RECORD SET:
* * *
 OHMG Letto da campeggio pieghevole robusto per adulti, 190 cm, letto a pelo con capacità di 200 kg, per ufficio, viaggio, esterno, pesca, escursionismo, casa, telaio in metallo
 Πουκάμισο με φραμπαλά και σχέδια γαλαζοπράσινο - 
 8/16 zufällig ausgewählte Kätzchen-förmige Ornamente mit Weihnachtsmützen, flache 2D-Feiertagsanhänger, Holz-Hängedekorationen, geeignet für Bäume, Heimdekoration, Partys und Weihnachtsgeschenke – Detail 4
* * *
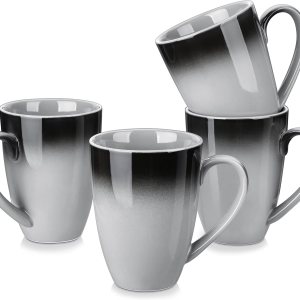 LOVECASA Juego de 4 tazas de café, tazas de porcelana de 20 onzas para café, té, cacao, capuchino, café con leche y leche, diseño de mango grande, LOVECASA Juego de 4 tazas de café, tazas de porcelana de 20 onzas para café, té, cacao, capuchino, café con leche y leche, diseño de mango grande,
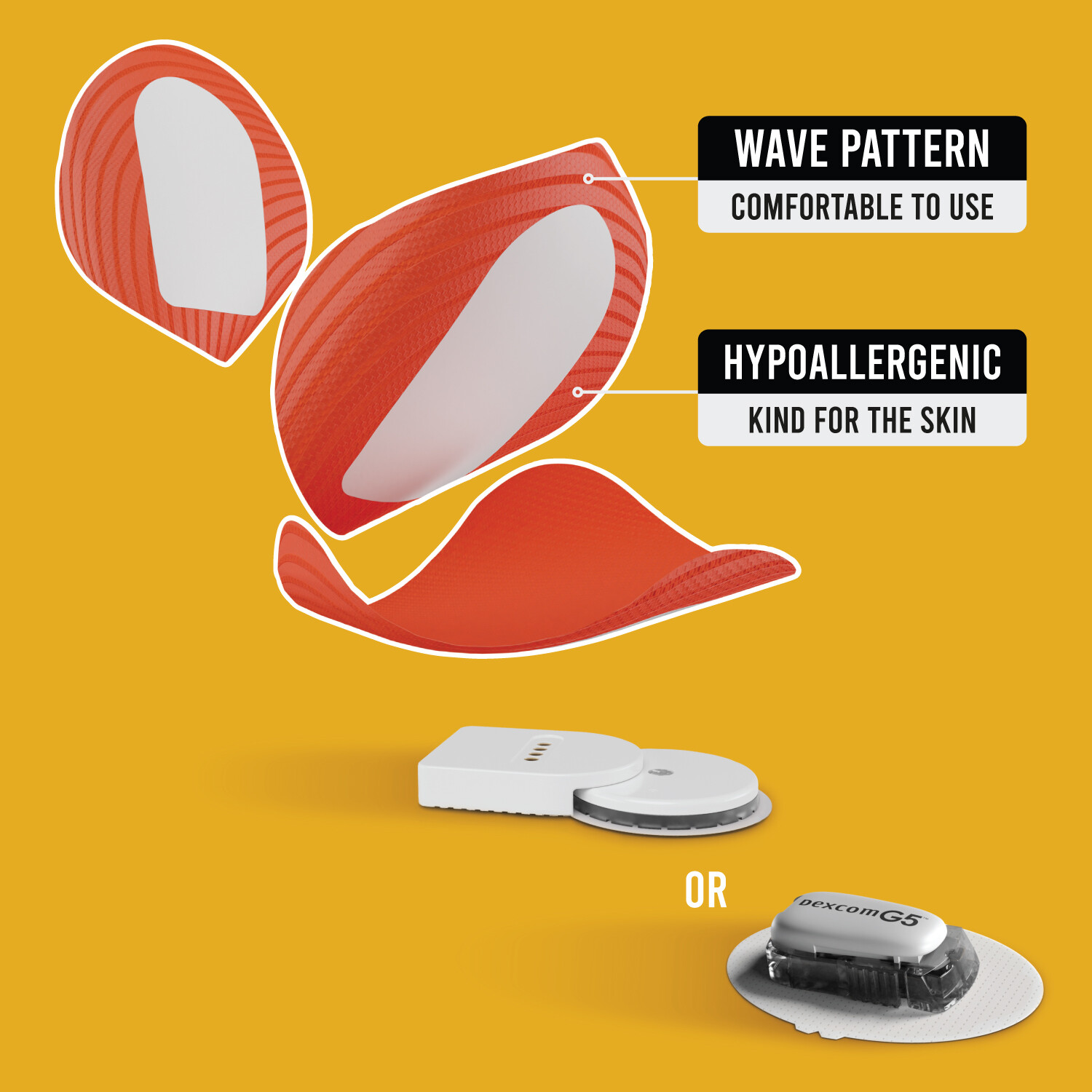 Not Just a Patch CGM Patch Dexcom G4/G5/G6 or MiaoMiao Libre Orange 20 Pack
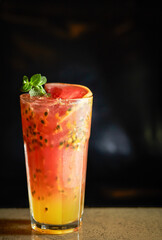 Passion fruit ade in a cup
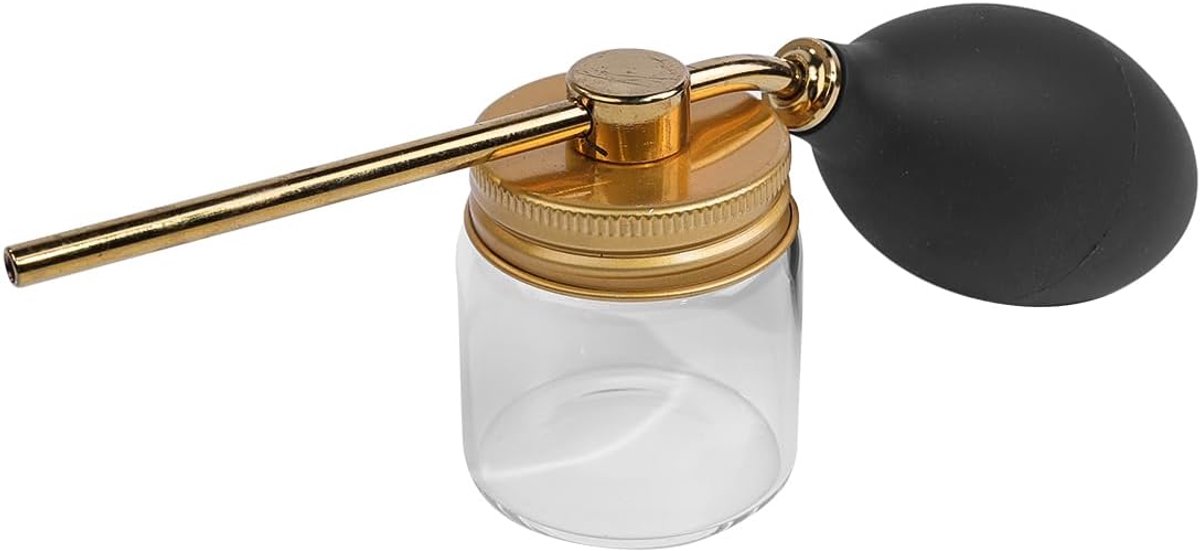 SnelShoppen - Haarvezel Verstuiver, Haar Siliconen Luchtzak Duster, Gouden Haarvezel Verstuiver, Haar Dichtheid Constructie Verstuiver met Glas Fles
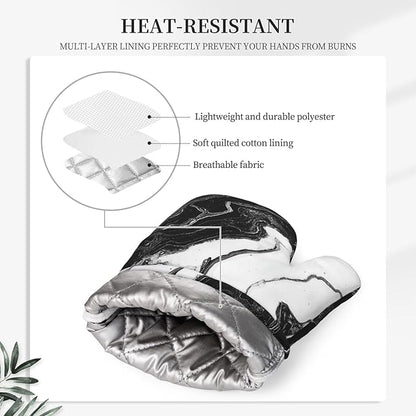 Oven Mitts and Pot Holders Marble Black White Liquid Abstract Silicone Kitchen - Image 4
* * *
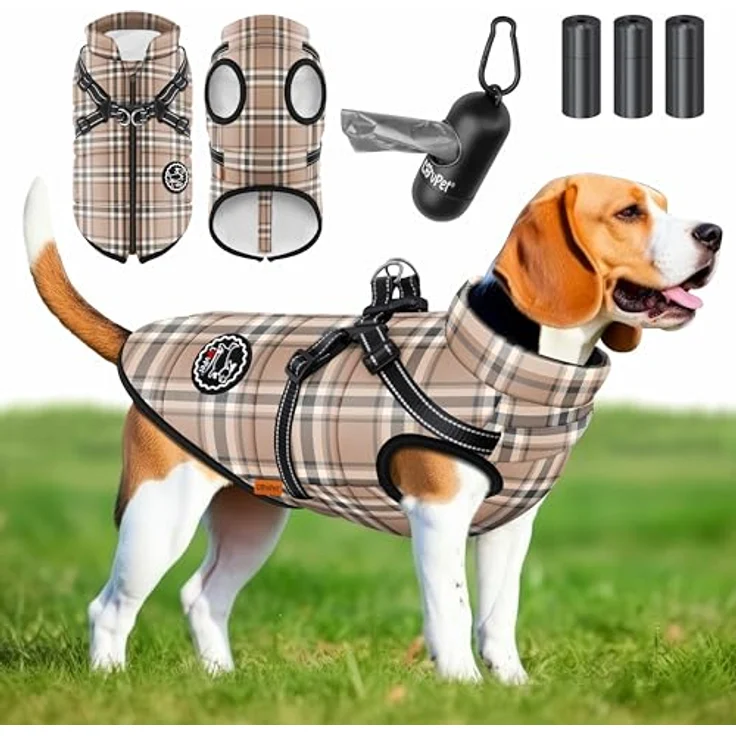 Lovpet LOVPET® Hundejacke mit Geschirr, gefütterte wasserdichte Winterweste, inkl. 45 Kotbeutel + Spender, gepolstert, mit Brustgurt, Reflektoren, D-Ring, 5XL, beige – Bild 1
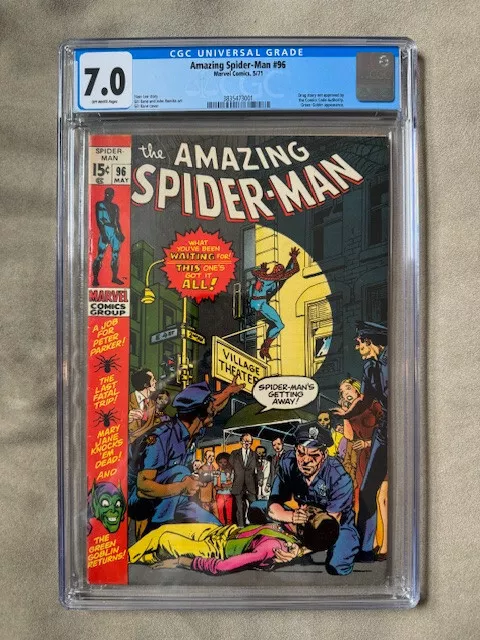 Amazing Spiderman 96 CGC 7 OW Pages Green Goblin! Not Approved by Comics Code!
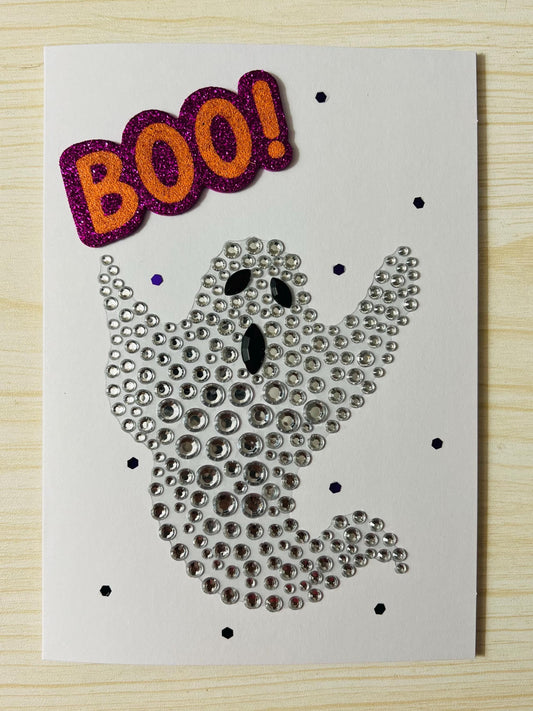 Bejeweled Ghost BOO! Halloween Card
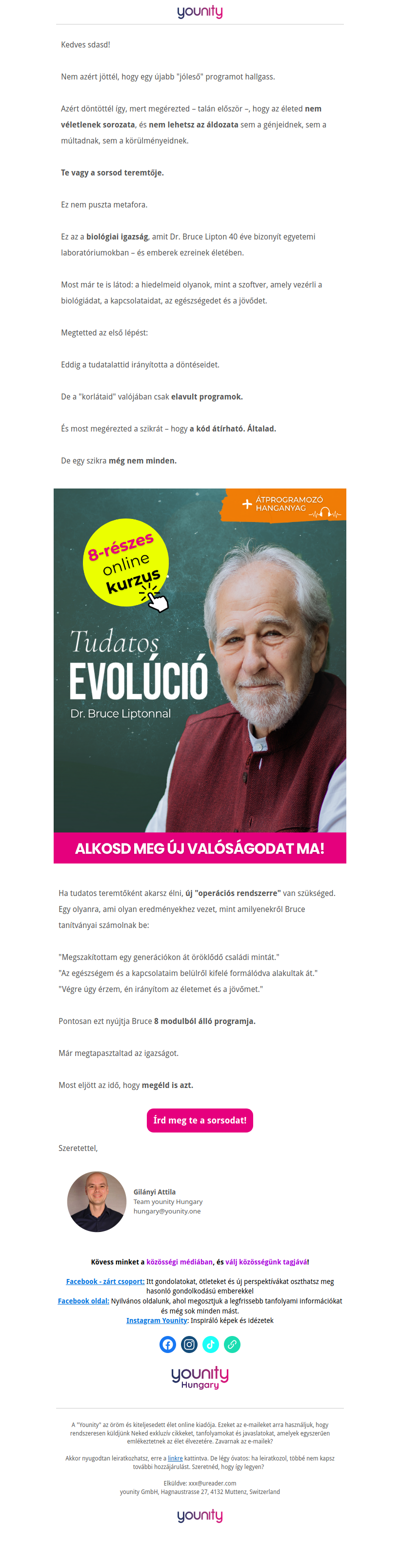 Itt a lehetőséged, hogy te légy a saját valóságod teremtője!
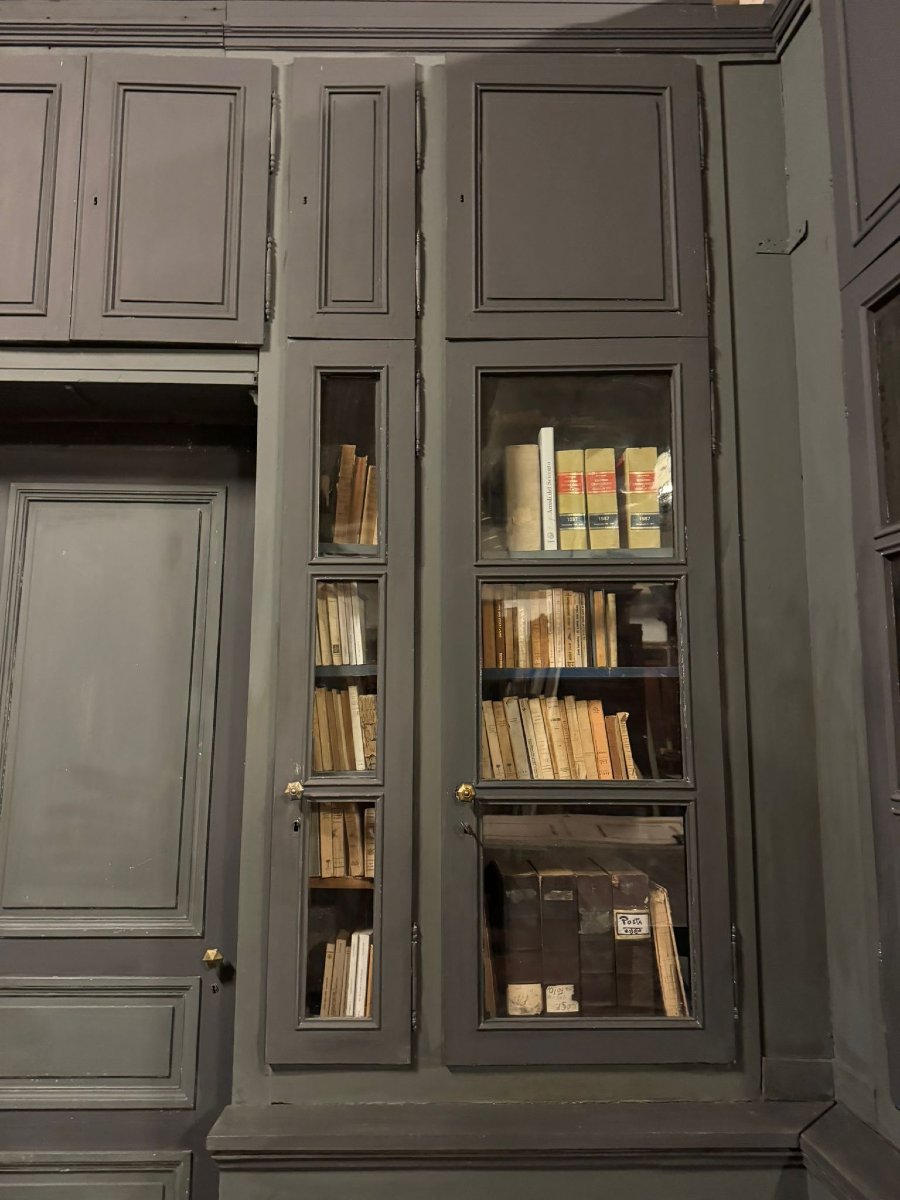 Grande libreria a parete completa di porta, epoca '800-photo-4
* * *
WORK REQUIRED:
Working from the data above, repeat exactly, and only, the lines that begin at the line containing "mango grande, LOVECASA" and stop after the line containing "Passion fruit ade in a cup"; pictures are not copied.

SOLUTION TO THE EXERCISE:
 LOVECASA Juego de 4 tazas de café, tazas de porcelana de 20 onzas para café, té, cacao, capuchino, café con leche y leche, diseño de mango grande, LOVECASA Juego de 4 tazas de café, tazas de porcelana de 20 onzas para café, té, cacao, capuchino, café con leche y leche, diseño de mango grande,
 Not Just a Patch CGM Patch Dexcom G4/G5/G6 or MiaoMiao Libre Orange 20 Pack
 Passion fruit ade in a cup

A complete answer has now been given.